The International Business Times (September 4, 2014), covers the benefit IS receives from its looting activities. It observes that ‘the Islamic State is funding its jihad by plundering historical artifacts in Syria and Iraq’. The full article is here.
National Geographic, ‘Archaeologists train ‘Monuments Men’ to save Syria’s Past’ (September 3, 2014), leads with a discussion of the terrible damage to Dura Europos. Dr. Simon James, who previously worked at Dura, says that ‘the looters were bankrolled to a massive extent to do something like this’ referring to the ‘lunar landscape of spoil heaps’. The article reports on the workshop in Turkey also discussed by the NYT (below).

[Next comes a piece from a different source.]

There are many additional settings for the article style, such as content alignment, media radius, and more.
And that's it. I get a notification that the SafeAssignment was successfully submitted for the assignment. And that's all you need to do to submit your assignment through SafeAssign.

The New York Times has a story entitled “ISIS’ Antiquities Sideline” (September 2, 2014) written by three US-based academics who have recently trained museum staff in techniques to document and protect Syria’s heritage. They report that ISIS’ involvement in the illicit trade in antiquities is ‘more complex and insidious than we expected’, ranging from the encouragement of casual looting to the licensing of ‘semiprofessional field crews’ from Iraq. The authors conclude that ‘ISIS has caused irreparable damage to Syria’s cultural heritage.’